As the line inches along, I pass a screen showing that flights have just touched down from Copenhagen, Doha, Paris, London and Geneva. On the wall there’s an annoying poster full of smiling faces and a cacophony of typography welcoming us in various languages but – as most of us have now been in line for close to an hour and a half – no one’s feeling particularly welcome.
When I finally reach the front and am told what booth to stand in front of, I have to remind myself not to say anything smart as I’m likely to be thrown into detention and escorted back to my Lufthansa aircraft. OK, it’s time to make your guess. Where in the world am I?
You might think I’ve rocked up in some shambolic banana republic or poorly managed police state, but I’m actually at Washington DC’s Dulles Airport late on a Sunday afternoon. As I’m about to walk up to the booth for inspection, a voice booms over the public address system with an urgent bulletin – “Attention all officers, attention all officers, anyone who has not signed up for overtime today, I repeat, anyone who did not sign up for overtime can now leave their post”. In a flash a series of officers pack up their stamps and take their super-size slurpy cups and waddle off duty. The 1,000-plus people in line just stare in amazement.
As I approach the desk, I feel like giving the young gentleman a lecture about how bad this whole performance is for Brand USA – particularly on top of a whole week of television reports about the new fee that visitors will have to pay to get a visa and how these funds will be used to create a campaign to encourage more tourism to the US. I want to ask him if he (and his bosses not far away in the District of Columbia) think a 90-minute wait in a dumpy airport is any way to welcome the world and if his department is really that interested in having people visit the US.
I’m all ready to vent but I hold my tongue because I don’t want to be carted off to the naughty room (a place I know very well) and given the third degree because I’m a journalist travelling without a special visa (a requirement for all of my sort visiting the US). I smile at the officer. He nods and asks the purpose of my visit. I tell him I’m in town for a party. “Well, you’ve come to the right place,” he says. Clearly.

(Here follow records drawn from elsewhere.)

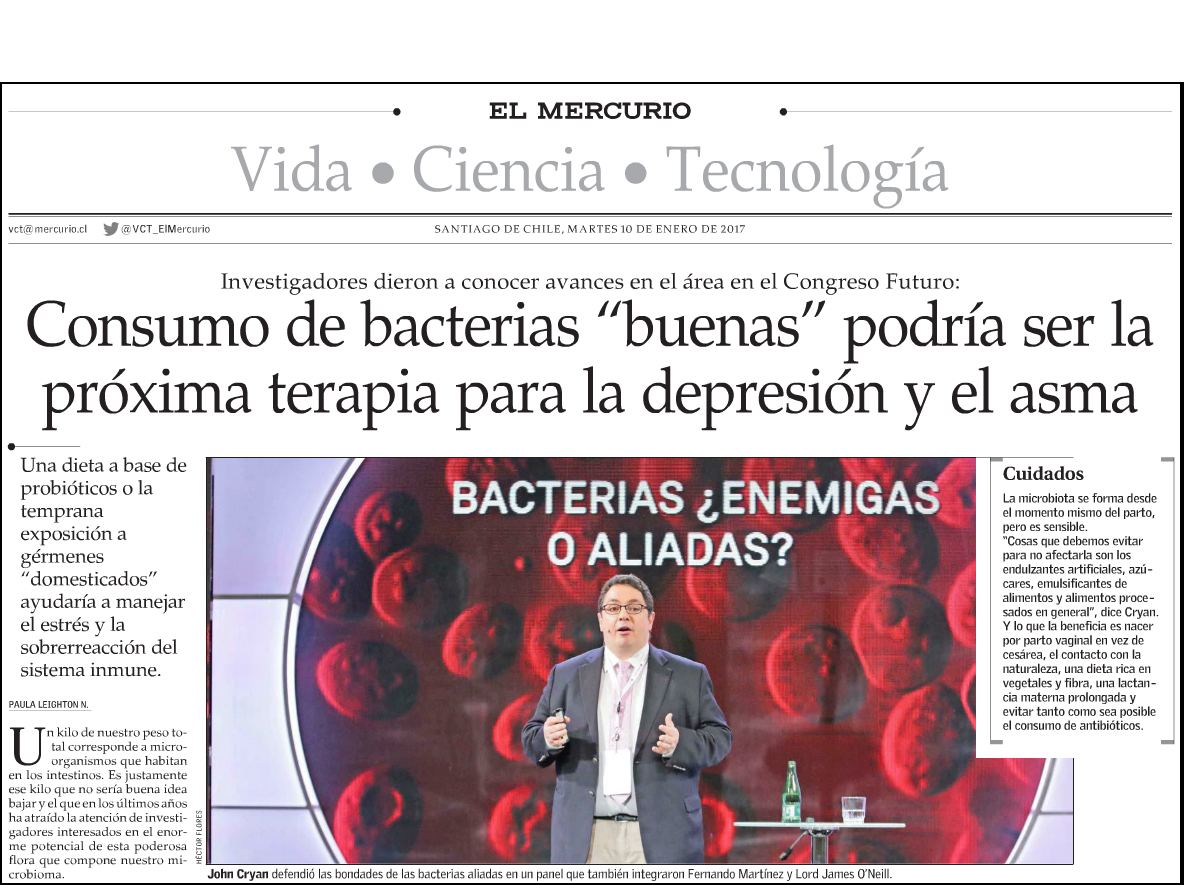 Prof Cryan profiled in 'El Mercurio' national paper of record in Chile  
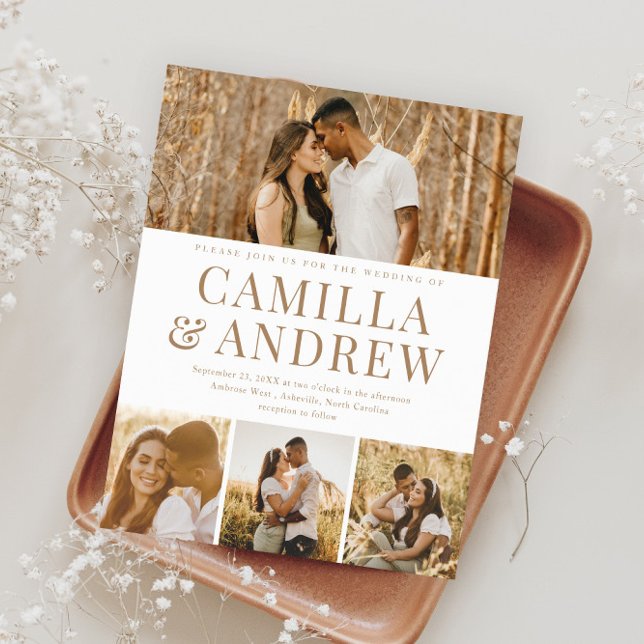 Budget Moderne 4 Photo Elégant Mariage Invitation (Modern Typography Budget Photo Wedding Invitations.)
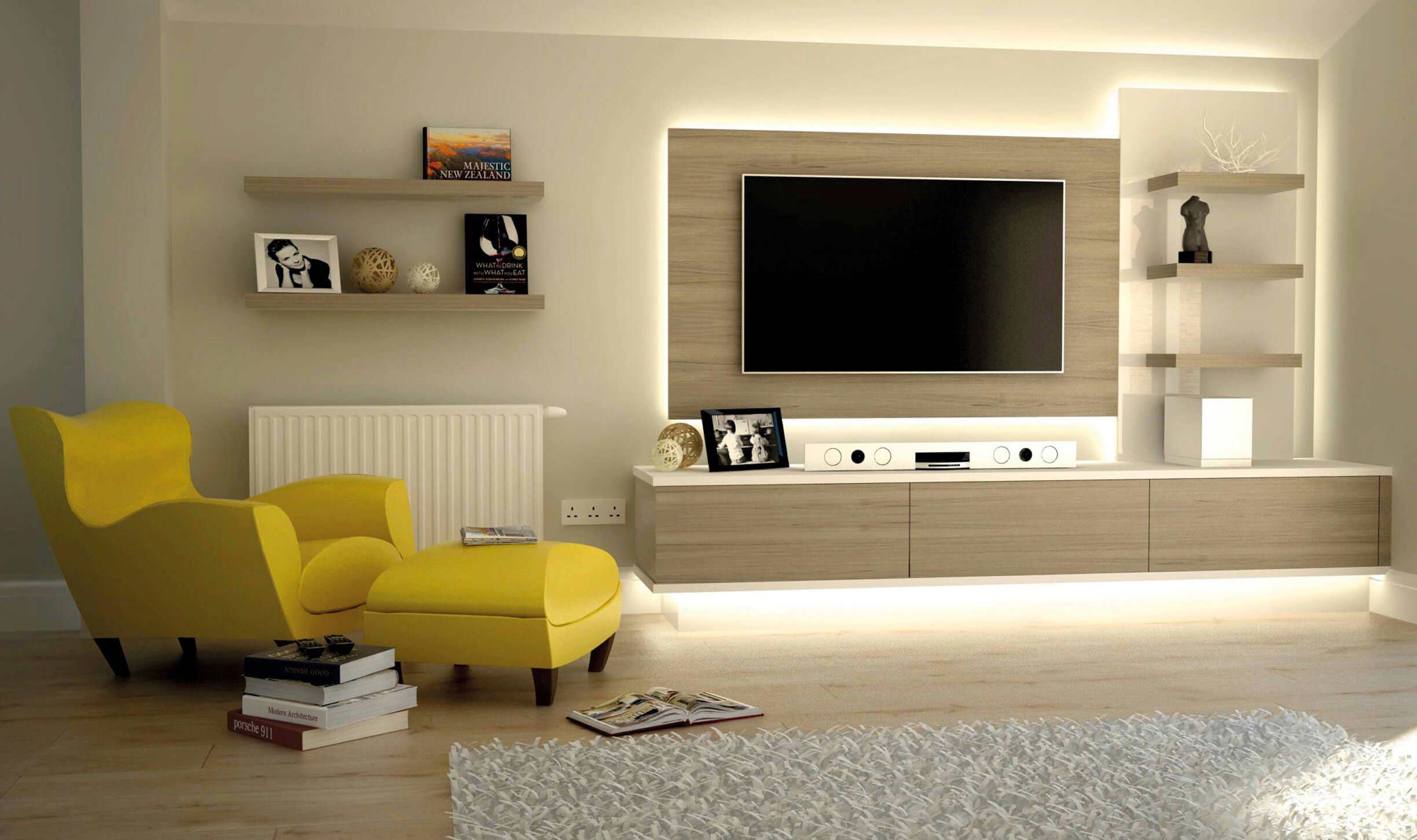 a back light oak tv unit with acrylic panel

You can read the original article here. I appreciate it is easy to discount the experience as a one off exception. But, I think that would be a mistake.
My Experience
As a confirming example, I used to work in Toronto, Ontario and would periodically make the drive to Procter & Gamble headquarters in Cincinnati. I would cross the border via the Ambassador Bridge to Interstate 75 South. I remember always thinking that the image afforded by the blighted landscape in that particular section of Detroit was an unfortunate visual introduction for anybody visiting the United States for the first time. In my opinion it did not reflect well on the promise of Brand America. I haven’t traveled that route in a number of years, so I apologize to the community if it has undergone a renaissance since my last Toronto visit.
First impressions matter, and managing the Brand America experience across the myriad of touch points it is realized is certainly a difficult challenge. But, it is also mission critical work.
Discussion
Please share your thoughts and stories highlighting important touch points for Brand America and the impact (positive or negative) the realized experience has on the perception of authenticity of Brand America’s promise. To reprise Stephen Covey’s words – Where are we keeping and where are we breaking the trust in Brand America’s promise?